Les inquiétudes des autorités américaines de la concurrence ont eu raison du projet de rachat à 39 milliards de dollars de T-Mobile USA par le numéro un américain des télécoms AT&T, pour qui cet échec se solde par une lourde indemnité d'annulation.

AT&T a décidé de jeter l'éponge neuf mois après l'annonce de ce méga-projet de fusion avec la filiale américaine de l'opérateur téléphonique allemand, faute de trouver un accord de cessions satisfaisant avec les autorités de la concurrence américaines.

«Après avoir étudié avec attention ses options, AT&T a décidé avec Deutsche Telekom de mettre fin à son offre de rachat de T-Mobile USA», a indiqué AT&T dans un communiqué.

«Les efforts de la Commission fédérale des communications (FCC) et du département américain de la Justice pour bloquer cette transaction ne changent pas la réalité du secteur», a déploré le groupe.

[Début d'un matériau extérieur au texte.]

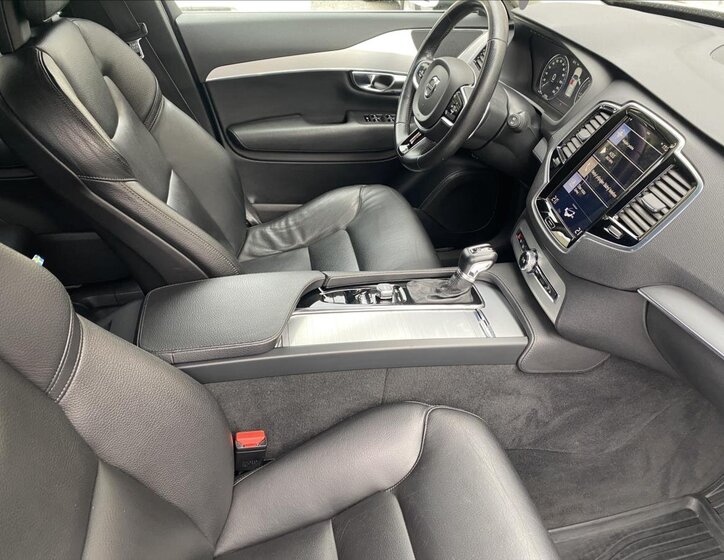 Volvo XC90 SUV / Terénní 2,0 l 173 kw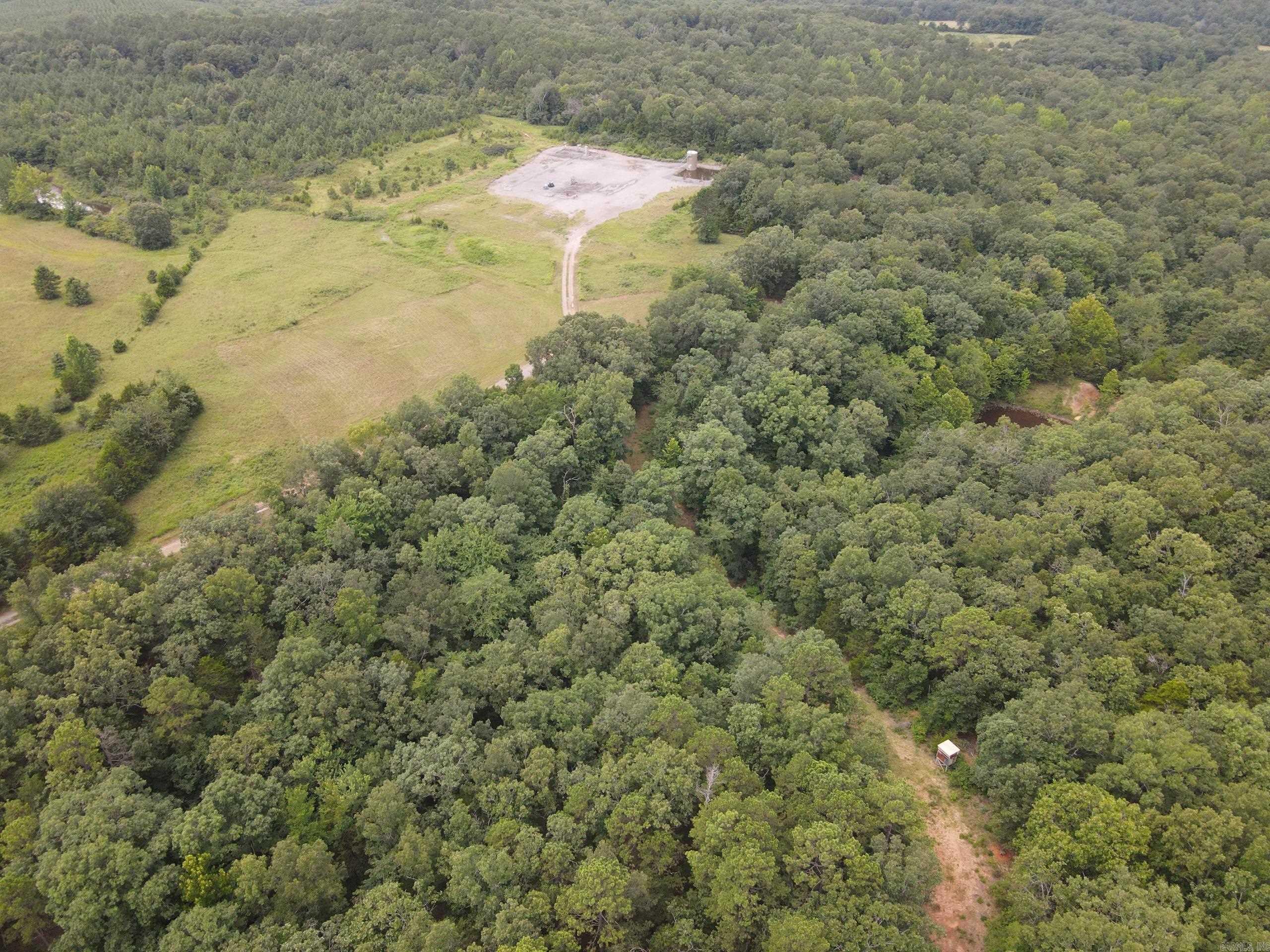 000 Merryman Road  Clinton, AR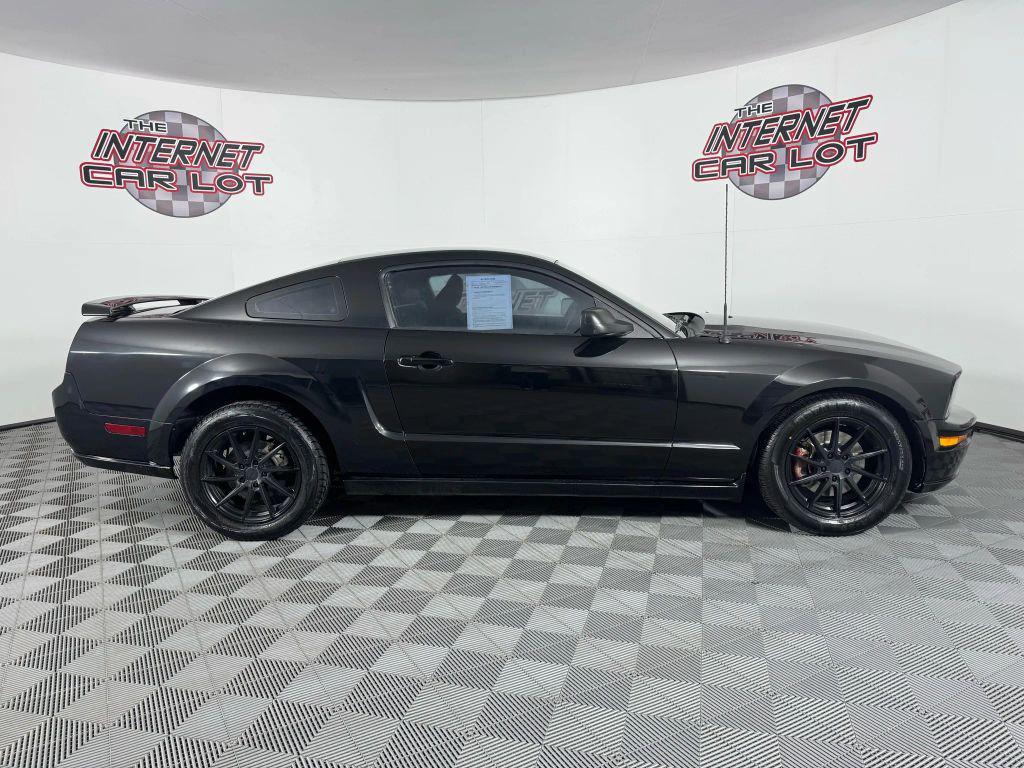 used 2006 Ford Mustang car, priced at $8,995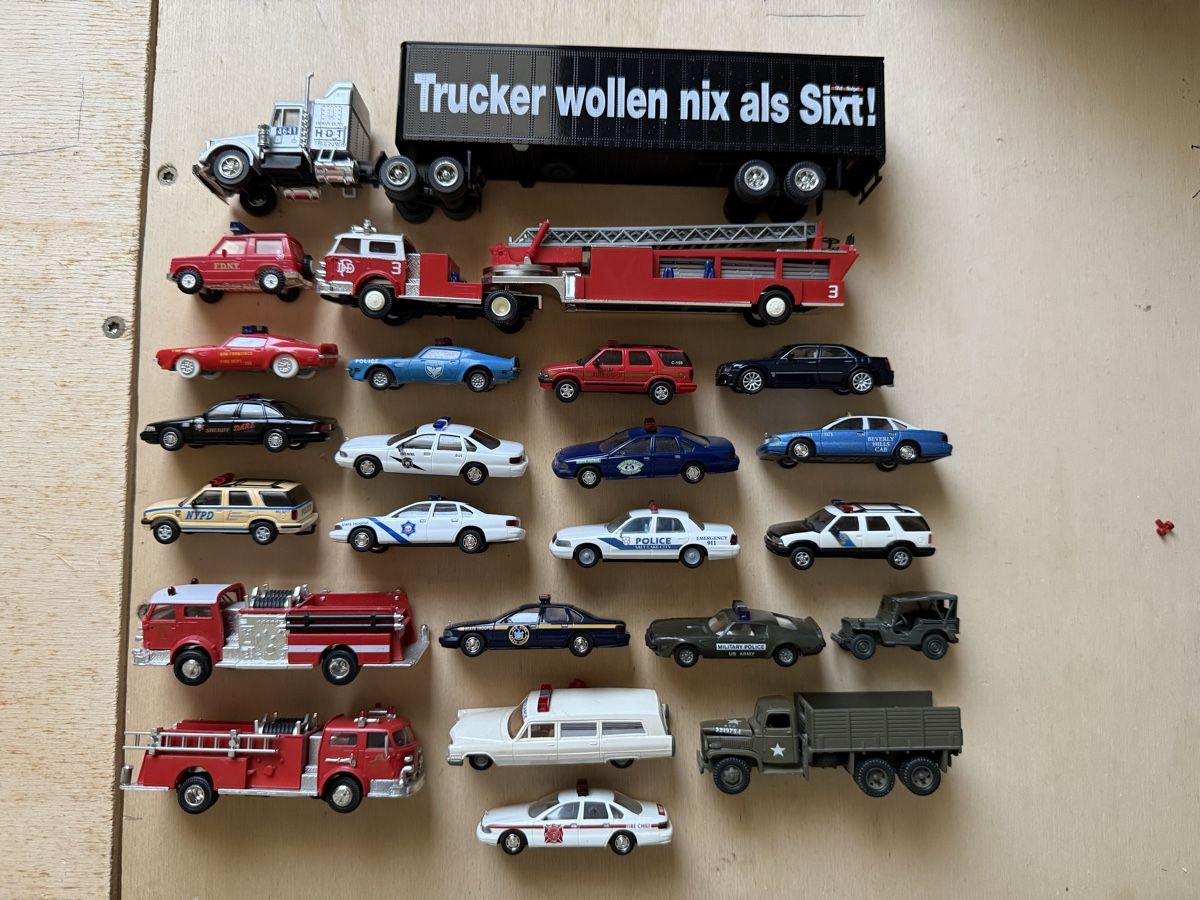 Modellini d'auto: Modèles US 1/87 / HO – Usato da Morrens VD venduto da YannD02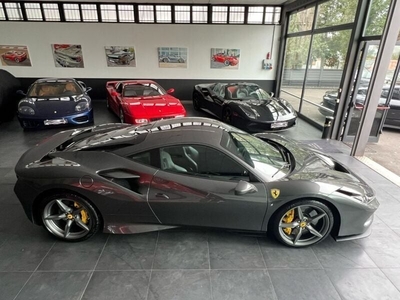 Usato 2021 Ferrari F8 3.9 Benzin 721 CV (303.900 €)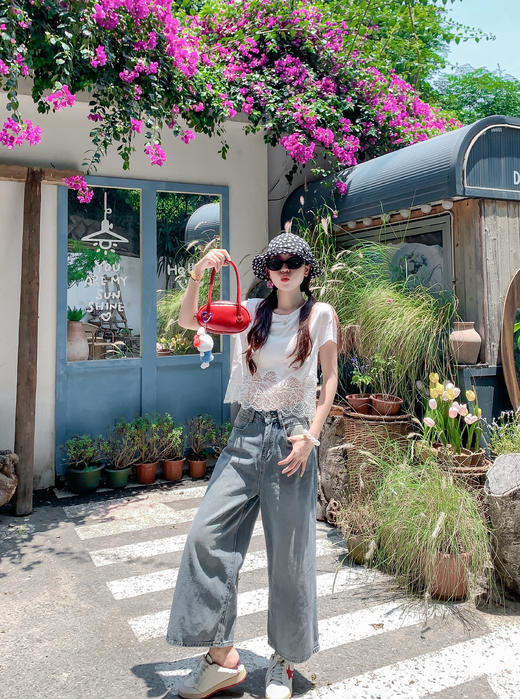 <曾小咸推荐>纯欲不规则蕾丝花边短袖T恤 商品图5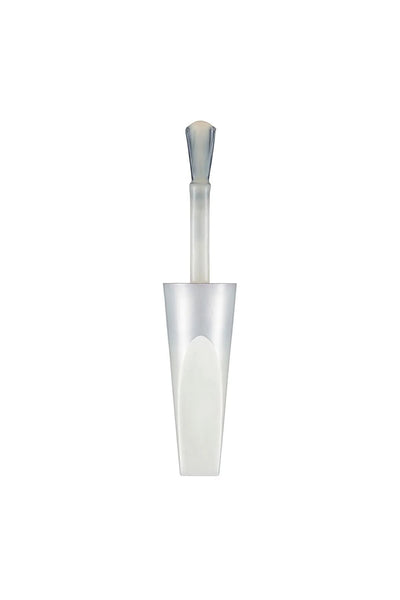 Flormar Pearly Oje PL372 Tender Beige tırnakta kullanım örneği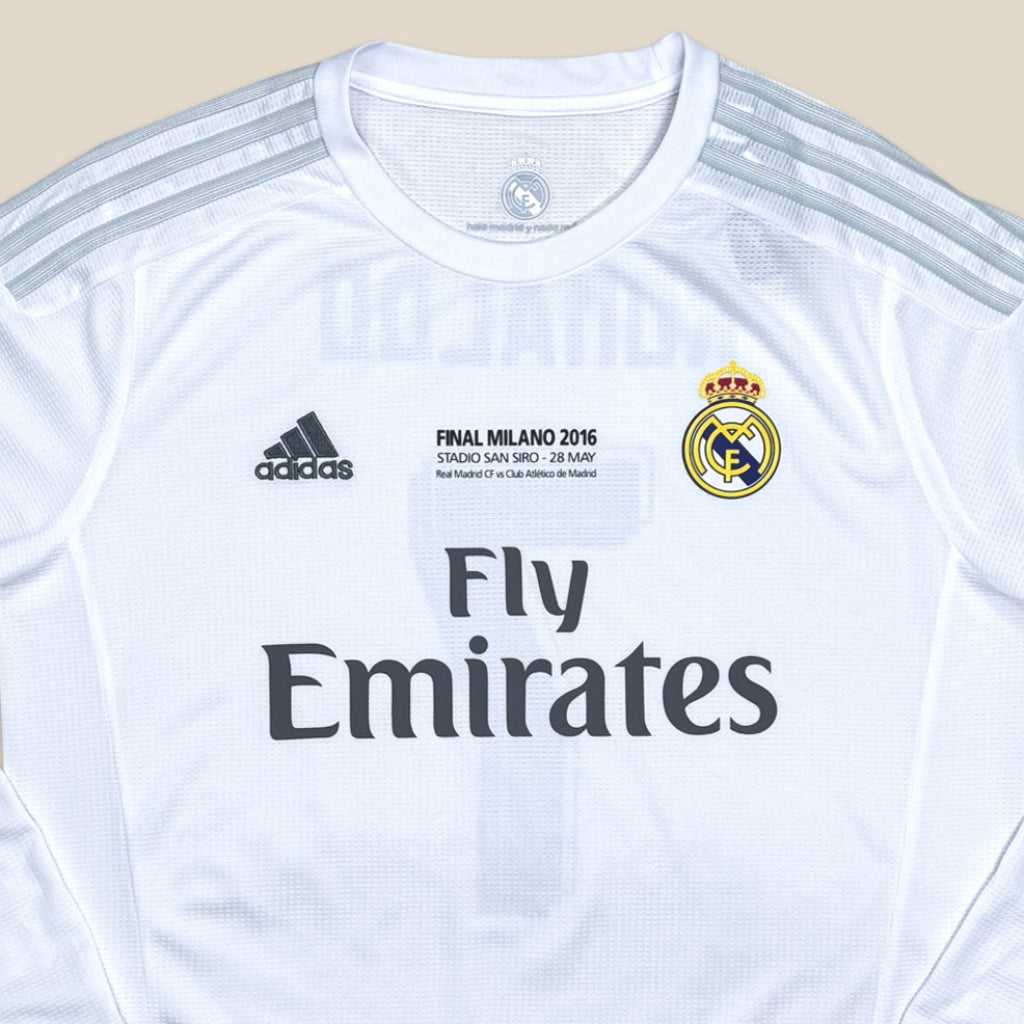 Real Madrid 2015/16 Home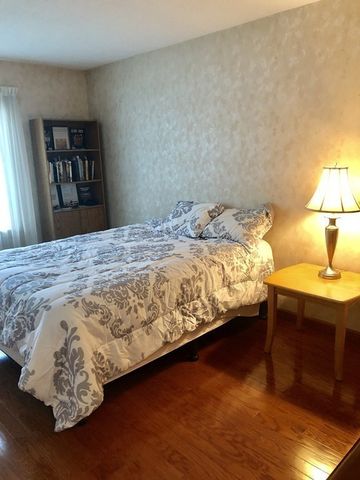 45 Nassau Drive 45, Springfield, MA 01129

«C'est l'un des plus concurrentiels du monde, avec un besoin croissant de fréquences auquel il faut faire face immédiatement. Une combinaison d'AT&T et T-Mobile USA aurait offert une solution intermédiaire à cette pénurie», a regretté l'opérateur, affirmant que «les consommateurs vont pâtir» de l'échec de cette fusion.

«Pour répondre aux besoins de nos clients, nous allons continuer à investir», a promis le PDG d'AT&T, Randall Stephenson.

Ajouter de la capacité à son réseau «va toutefois demander deux choses de la part des gouvernants: d'une part, à court terme, permettre aux marchés de fonctionner librement pour augmenter la disponibilité de nouvelles fréquences», y compris l'approbation «rapide de notre acquisition de fréquences non utilisées de Qualcomm, en attente devant la FCC», a-t-il argumenté.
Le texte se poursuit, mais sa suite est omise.